Professional English Research Consortium (PERC)


Staff member

Project Description

? Introduction
? Running Time of the Project
? Design Criteria
? Text Encoding
? Linguistic Annotation of Texts
? Storage and Documentation of Texts
? Corpus Retrieving Software
? List of Text Distributors

The Corpus of Professional English (CPE) is a major research project of PERC currently underway that, when finished, will consist of a 100-million-word computerized database of English used by professionals in science, engineering, technology and other fields. The CPE will be used for research as well as for the development of educational resources, such as specialized dictionaries, handbooks, language tests, and other materials that will be useful to working professionals and professionals-in-training.

When complete, portions of the corpus will be made available to researchers, enabling them to retrieve various kinds of linguistic information via the Internet with our original search software. The software is programmed so as not to allow users to extract complete sample texts that might infringe on copyright laws. A minimal charge will be made for access to the CPE for general researchers to cover the running costs of the online search system.

The publishers in the consortium clearly recognize the dangers inherent in electro-copying and are as concerned as you are that the CPE should not allow the abuse of copyrighted texts. A text sample, by being included in the CPE, loses none of the protection afforded by copyright law.

The End User license strictly controls the use of the CPE and the text samples it contains. The right of reproduction of individual original text samples by any means is explicitly forbidden. None of the text samples in their original form will be incorporated into any product. Quotations from text samples will be strictly limited by the fair dealing provisions of copyright law.

The uses to which the CPE will be put will typically include the following: Professional English research and the development of educational materials, such as specialized dictionaries and other educational resources which require accurate information about word meanings and usage, collocations, and other relevant linguistic data

Running Time of the Project
December 2001-December, 2003
(1st phase for science and technology texts)

Design Criteria (1st phase)
A) Monolingual
B) Professional writing (academic standard of texts)
C) Synchronic (1995-2001)
D) Regional variety (AmE/ BrE/ etc.)
E) Sample (50,000 words per text/ full text/ etc.)
F) Selection criteria
domains: science and technology including life science
(based upon "Journal Citation Report")
media: academic journals, trade magazines, textbooks, web pages,

Text Encoding
The following information will be indicated by the mark-up:
1. Boundaries and parts of speech
2. Sentence structure identified by a POS tagger
3. Paragraphs, sections, headings and similar features in written
4. Meta-textual information about the source or encoding of
individual texts
The XML format will be adopted for text encoding.

Linguistic Annotation of Texts
The grammatical tagging of the text will be done in collaboration with Lancaster University (UCREL).

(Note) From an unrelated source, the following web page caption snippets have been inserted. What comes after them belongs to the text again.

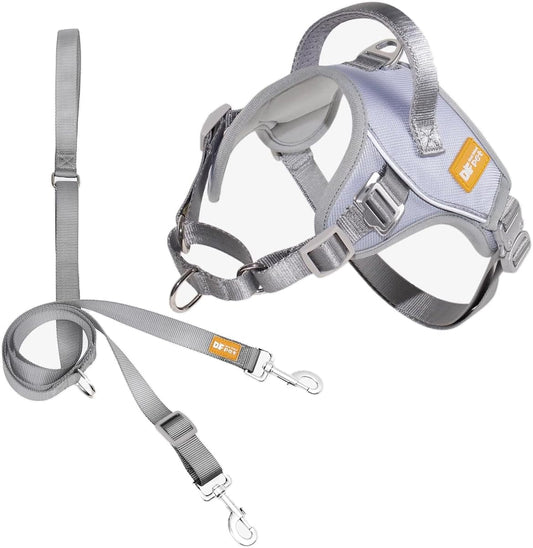 DF No Pull Martingale Dog Harness and Leash Set Silent Metal Buckle, Front Clip Reflective Harness, Adjustable Fit & Handle for Easy Walking & Training, Gray, 1", Front Chest 19.7"-25.2"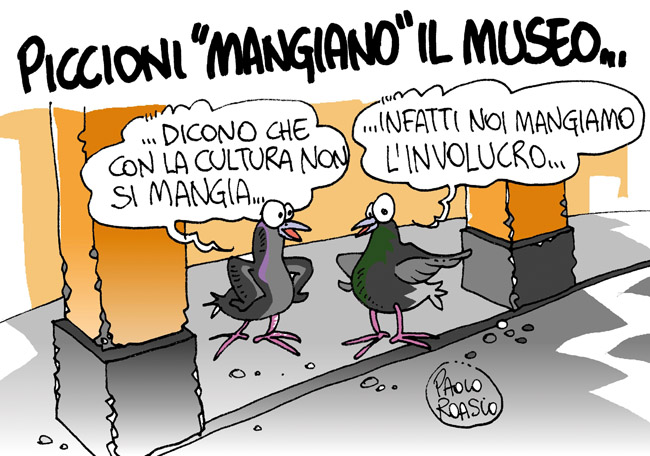 Piccioni 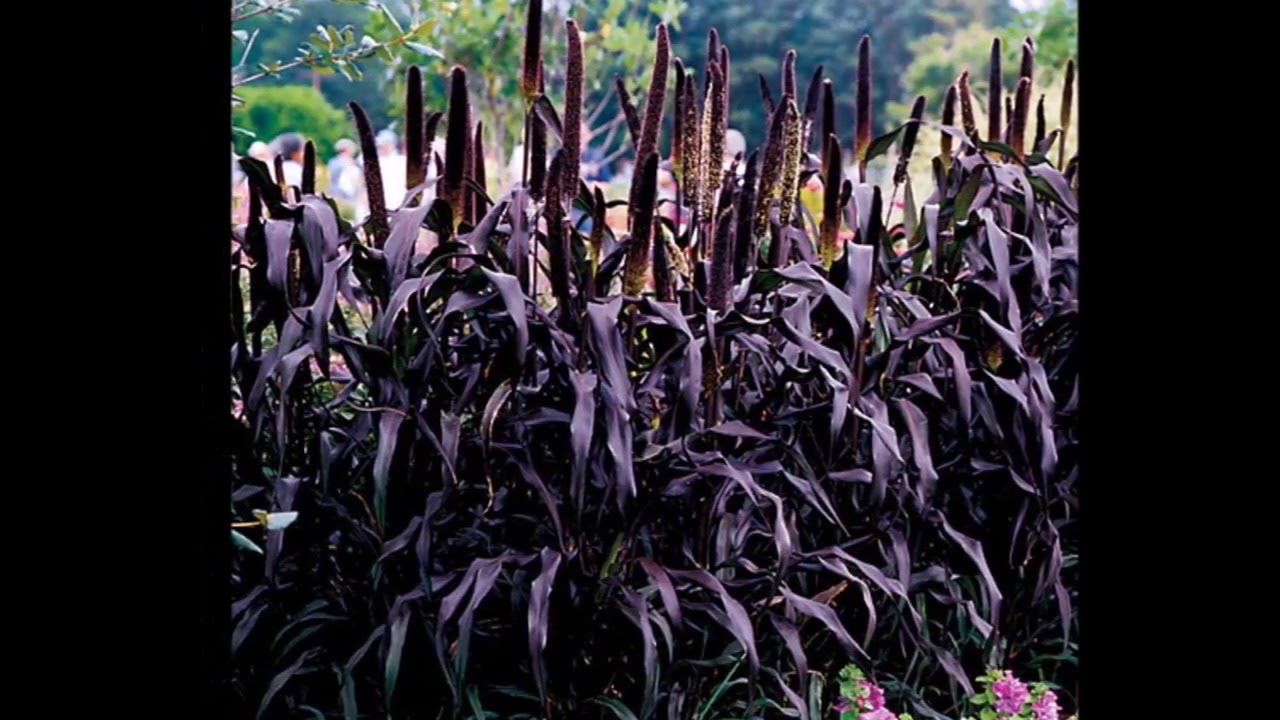 Безвкусница гибридная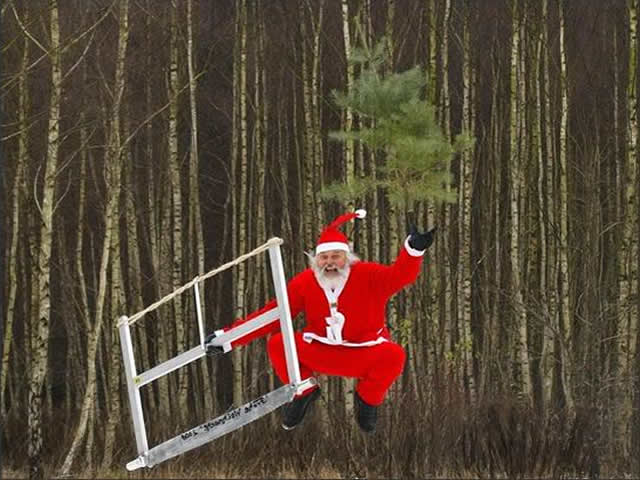 Ein lustiges Foto mit dem Weihnachtsmann, der einen Weihnachtsbaum fällt und vor Freude springt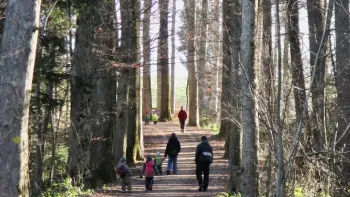 Waldbegehung Hagenbuech- und Achslenwald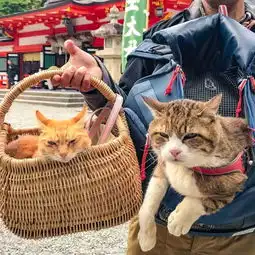  这对夫妇花了8年时间带着两只猫走遍日本,拍了一部旅猫日记火遍ins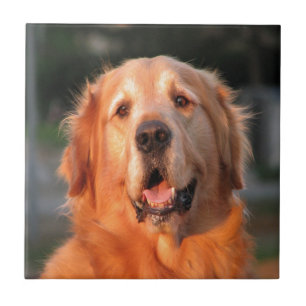 sorriso ao caro golden retriever do amor
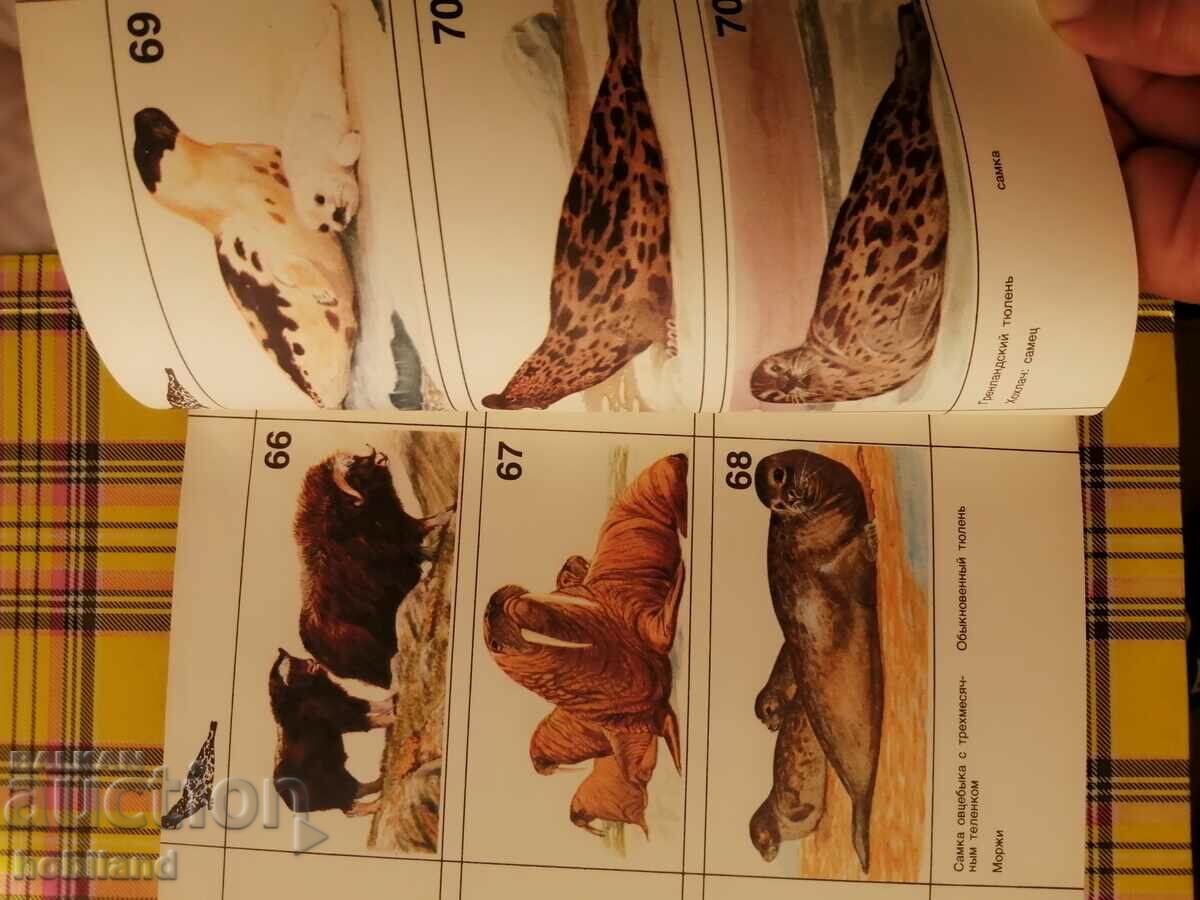 Life in the land of icy silence - 6 Life in the land of icy silence - 6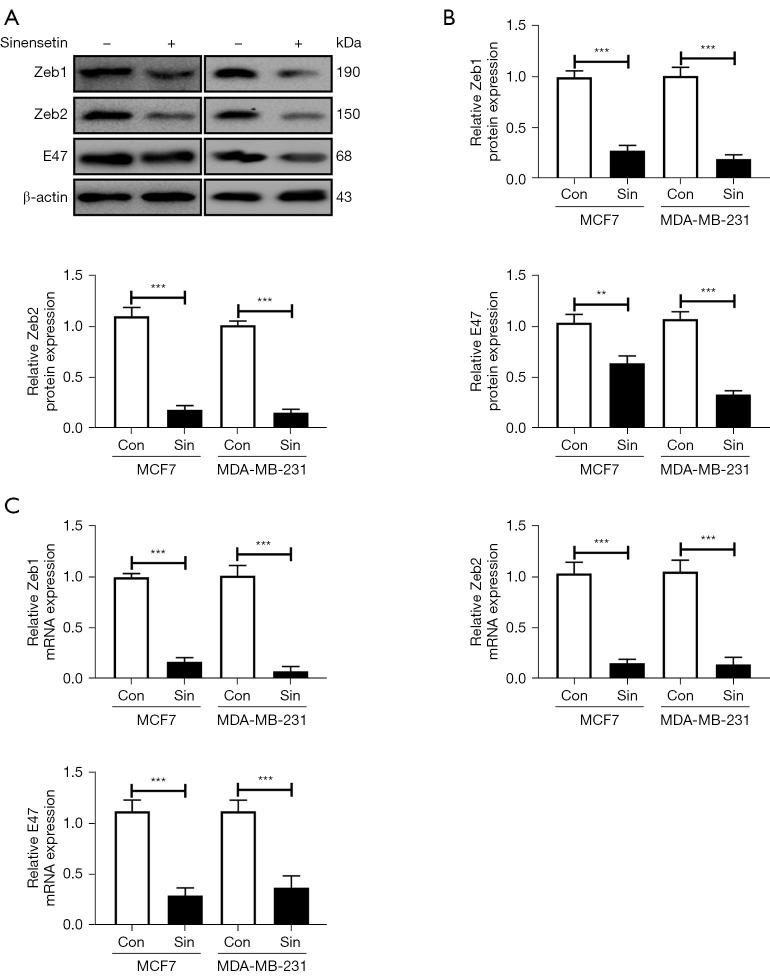 https://cdn.ncbi.nlm.nih.gov/pmc/blobs/2208/10894327/d8a87976121f/tcr-13-01-348-f3.jpg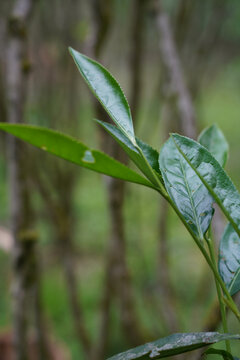 武夷岩茶工夫茶正岩老枞水仙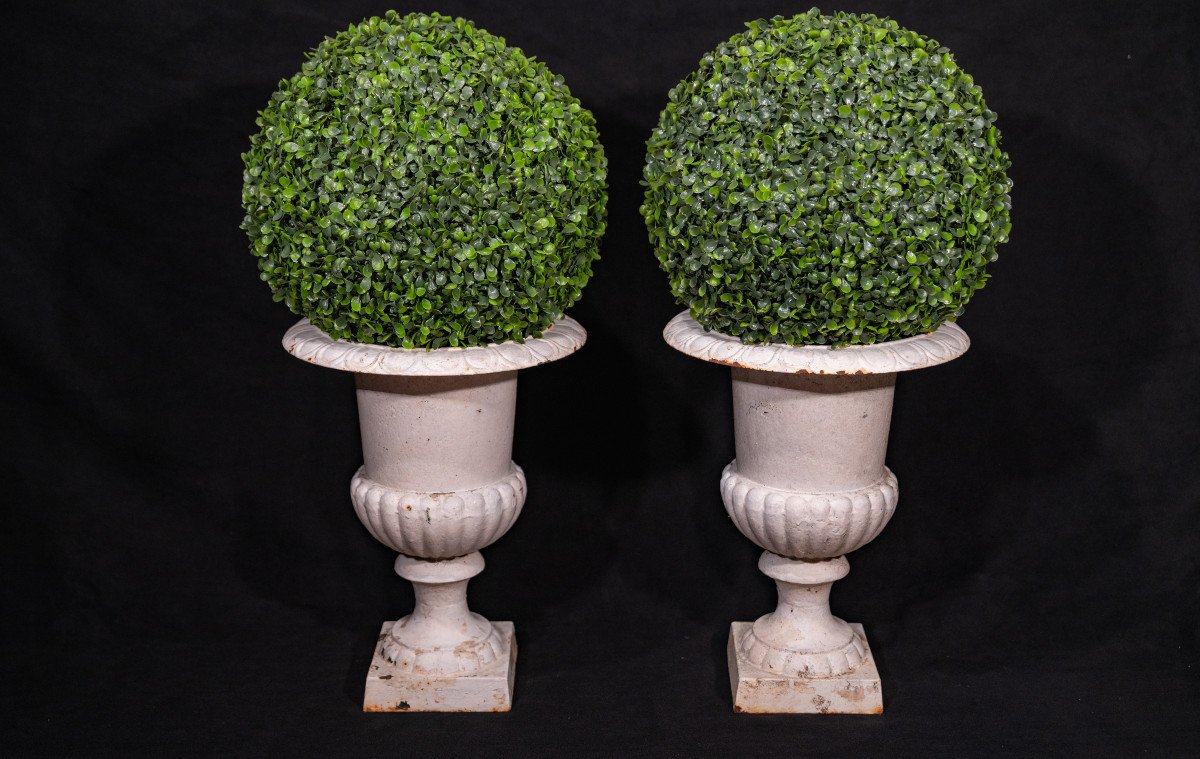 Pair Of Medici Vases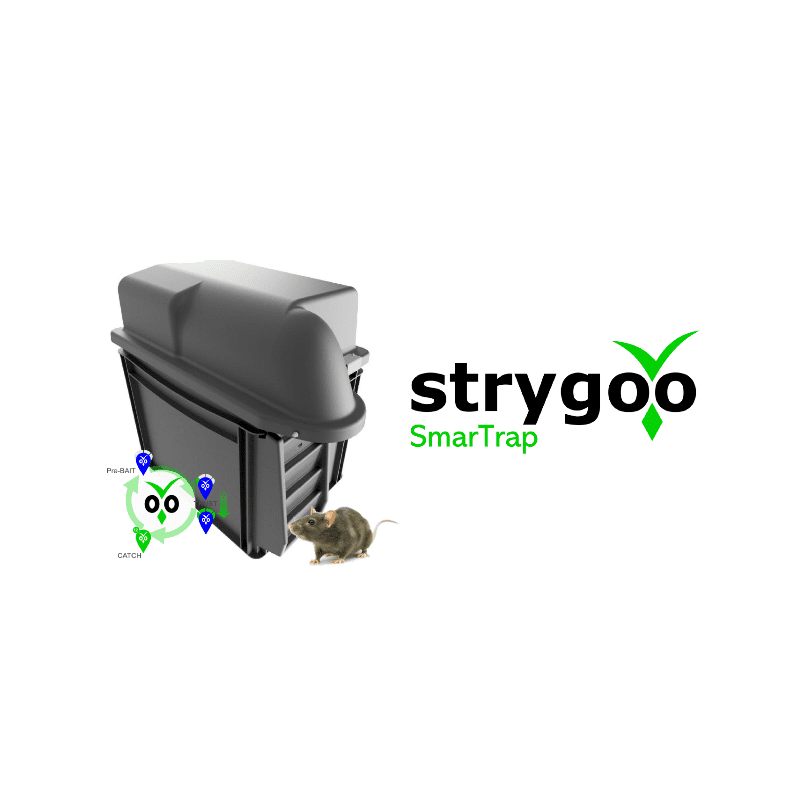 Strygoo Smar Trap Rats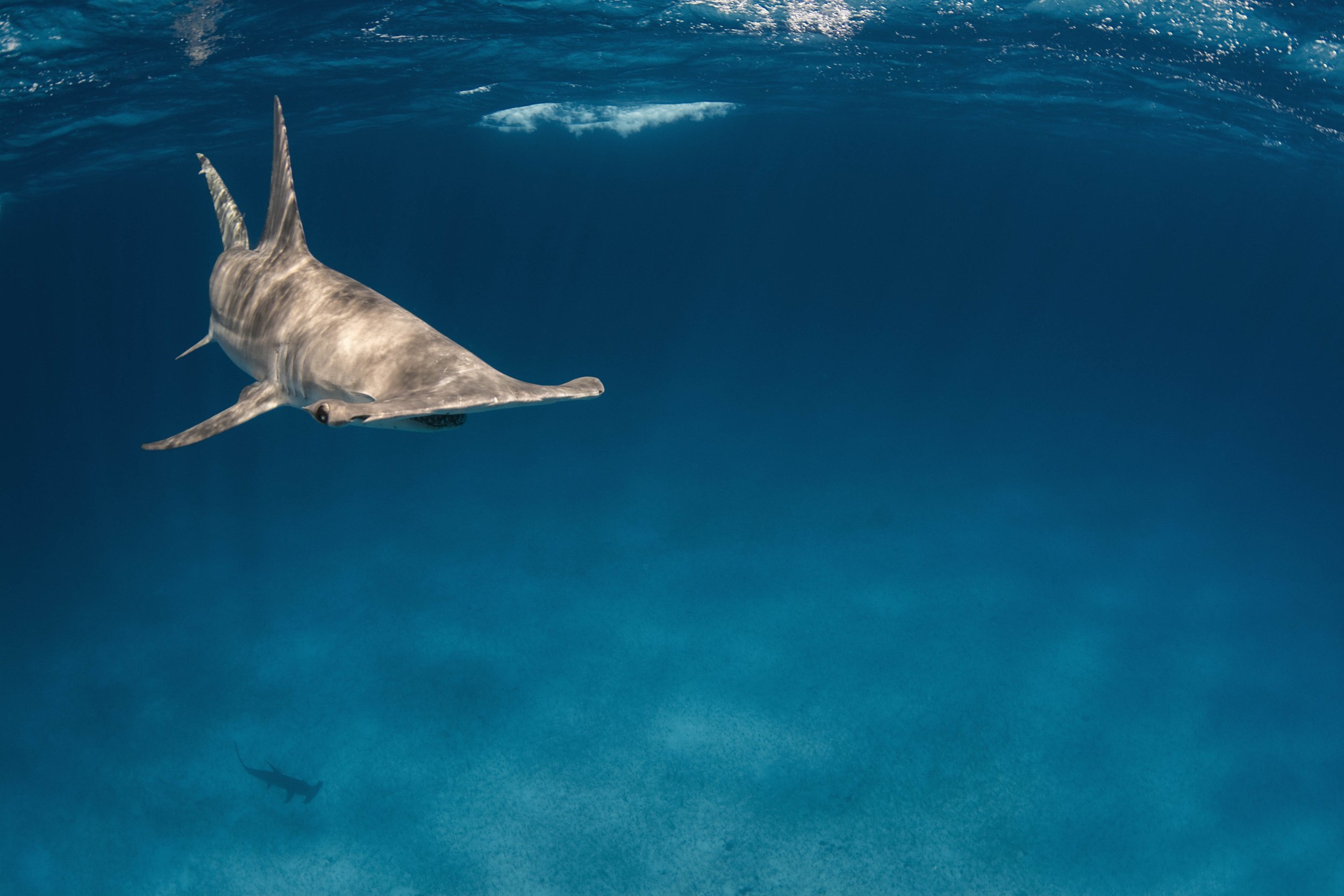 Symbolic Shark and Ray Adoptions — Saving the Blue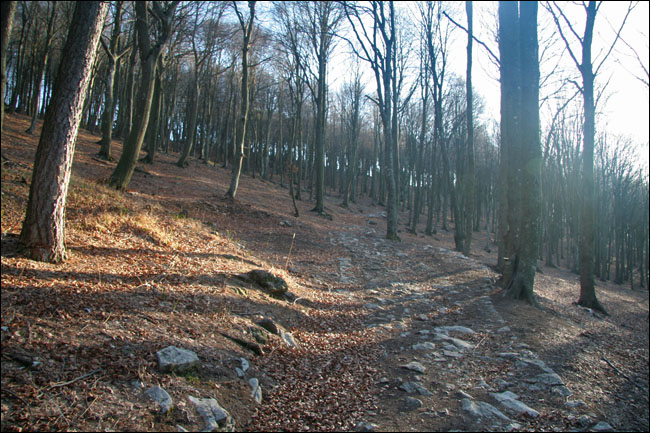 Monte Coltignone (Lecco)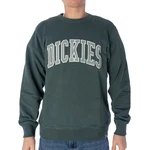 Dickies Sweatshirt Aitkin Dunkelgrün/Grün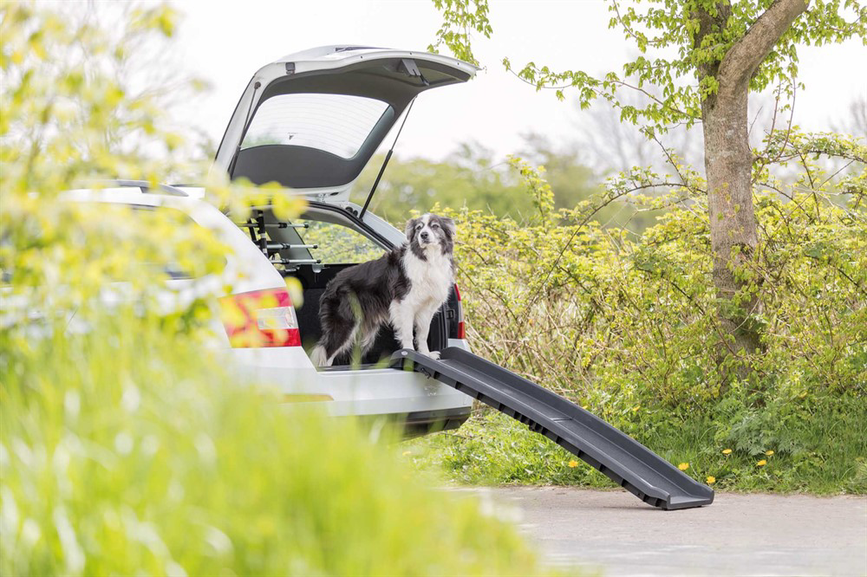 prod1000-image_dog_bordercollie-cooper-klapprampe-auto-1.png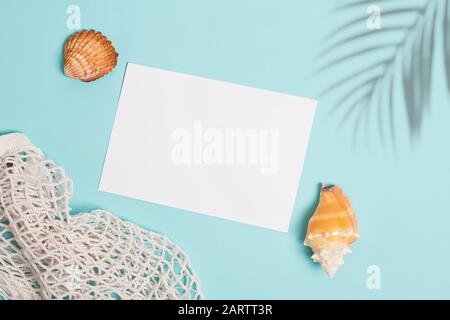 Seashells und Palmschatten auf blauem Hintergrund, Draufsicht Stockfoto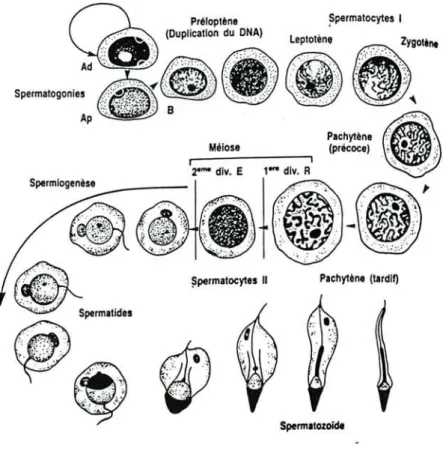 Figure nO 3 : Composition et évolution chronologique des cellules de la lignée genninale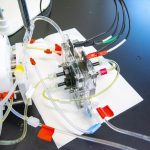 Scientists create innovative system for water purification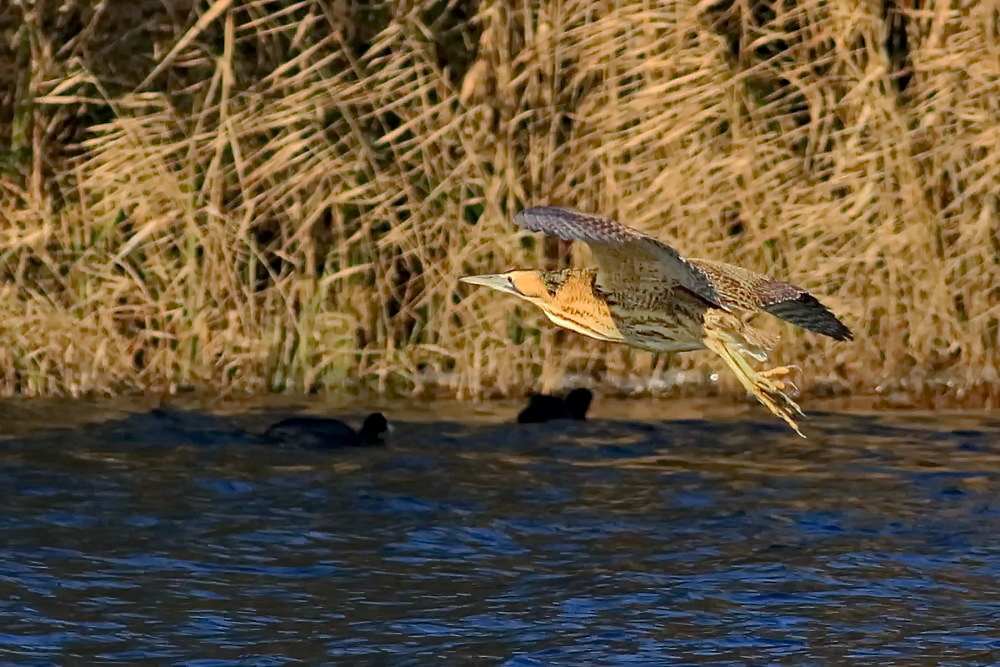 Rohrdommel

Storage and Documentation of Texts
Detailed descriptive information will be added to each text, in the form of a header: the author's name, title, publication year, journal title, etc.

Corpus Retrieving Software
Web-based multi-functional search software developed by Shogakukan Multimedia Department will be used. The software is also to be adoped for the online BNC search service and the online CobuildDirect search service administered by Shogakukan for Japanese users with authorization from the BNC and HarperCollins.